For all their daily volatility, U.S. stocks have been on a bumpy round trip to nowhere since Russia’s bloody invasion of Ukraine began three weeks ago. The S&P 500 Index, Dow Jones Industrial Average and Nasdaq Composite Index have all been basically flat in the period. That suggests either (a) the market thinks it discounted the invasion correctly before it happened, including the rapid rise and fall of oil prices or (b) the market is simply confused by everything that’s transpired and isn’t ready to pick a direction.
I’m betting on the latter, and I think that’s about to change.
As my colleague John Authers wrote this week, the U.S. economy is in ambiguous economic territory when it comes to the war. It’s 5,000 miles from the conflict zone, isn’t particularly dependent on Russian energy and went into 2022 with a rather rosy outlook for growth and corporate earnings. Although it’s certainly vulnerable to a recessionary energy-price shock, oil futures markets seem to have guessed right, at least for now, that the most extreme prices would not persist.
But the U.S. also started with far more exuberant valuations set against the worst inflation in four decades and the promise of rising interest rates, all of which is still true. The growth impact from the war and the retaliatory sanctions won’t be as painful here, but it’s still a net negative on top of an already daunting combination of risks — threats that can be tackled only through a rare combination of deft monetary policy and outside assistance. Strictly speaking, the Federal Reserve needs to raise rates just enough to curb inflation at the same time that other problems beyond its control — high gas prices and snarled supply chains — get resolved somehow.

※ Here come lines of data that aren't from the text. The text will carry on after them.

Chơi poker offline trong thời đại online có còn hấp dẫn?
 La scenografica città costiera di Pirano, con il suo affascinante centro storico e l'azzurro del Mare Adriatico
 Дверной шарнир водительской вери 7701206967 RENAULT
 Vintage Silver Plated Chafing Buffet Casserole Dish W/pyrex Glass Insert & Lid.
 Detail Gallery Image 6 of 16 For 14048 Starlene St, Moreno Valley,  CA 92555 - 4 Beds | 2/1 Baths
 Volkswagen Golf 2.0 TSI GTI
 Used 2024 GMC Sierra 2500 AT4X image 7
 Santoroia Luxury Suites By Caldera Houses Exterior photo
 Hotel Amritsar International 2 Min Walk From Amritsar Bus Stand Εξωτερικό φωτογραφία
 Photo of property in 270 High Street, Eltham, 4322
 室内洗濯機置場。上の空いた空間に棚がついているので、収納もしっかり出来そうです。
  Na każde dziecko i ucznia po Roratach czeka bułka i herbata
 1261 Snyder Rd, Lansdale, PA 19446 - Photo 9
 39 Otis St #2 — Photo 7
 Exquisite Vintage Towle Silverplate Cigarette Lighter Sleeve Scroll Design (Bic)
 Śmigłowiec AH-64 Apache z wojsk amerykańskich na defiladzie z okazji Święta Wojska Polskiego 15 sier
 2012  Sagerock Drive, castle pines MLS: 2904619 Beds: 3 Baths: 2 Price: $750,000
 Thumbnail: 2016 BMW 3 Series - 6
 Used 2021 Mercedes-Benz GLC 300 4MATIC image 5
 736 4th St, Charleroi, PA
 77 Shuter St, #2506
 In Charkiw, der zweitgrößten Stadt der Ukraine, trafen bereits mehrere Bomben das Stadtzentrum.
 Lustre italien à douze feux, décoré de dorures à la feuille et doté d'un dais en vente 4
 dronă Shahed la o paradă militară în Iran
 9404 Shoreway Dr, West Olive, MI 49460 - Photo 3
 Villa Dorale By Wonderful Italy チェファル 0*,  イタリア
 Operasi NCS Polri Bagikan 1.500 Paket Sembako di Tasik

Ultimately then, the Fed will decide the trajectory of this market, starting with its policy decision on Wednesday. It’s all but certain that the U.S. central bank will announce a 25-basis-point increase, but investors will be parsing Chair Jerome Powell’s words and dissecting the so-called dot plot of rate projections through 2024.
Critically, investors want to know if this will be a “dovish hike” or the start of something more aggressive. Will the Fed lift interest rates a bit — perhaps through its June meeting — and then assess the situation? Or are policymakers already preparing for something even remotely resembling the 1980s campaign of former Fed Chair Paul Volcker, a man Powell considers “one of the greatest public servants of the era.” Volcker, of course, was in charge the last time inflation reached these levels, and unemployment surged during his watch in the name of restoring price stability.
If the Fed begins to answer those questions Wednesday, the U.S. stock market may finally pick a trajectory. A dovish interpretation will probably fuel some semblance of a recovery, while a hawkish takeaway will do the opposite.
Clearly, U.S. stock investors haven’t ignored the war. It has indeed accelerated the rotation away from growth stocks and, to a greater degree, from highly speculative and often unprofitable companies. But the broad market indexes have spun their wheels, and that may be set to change.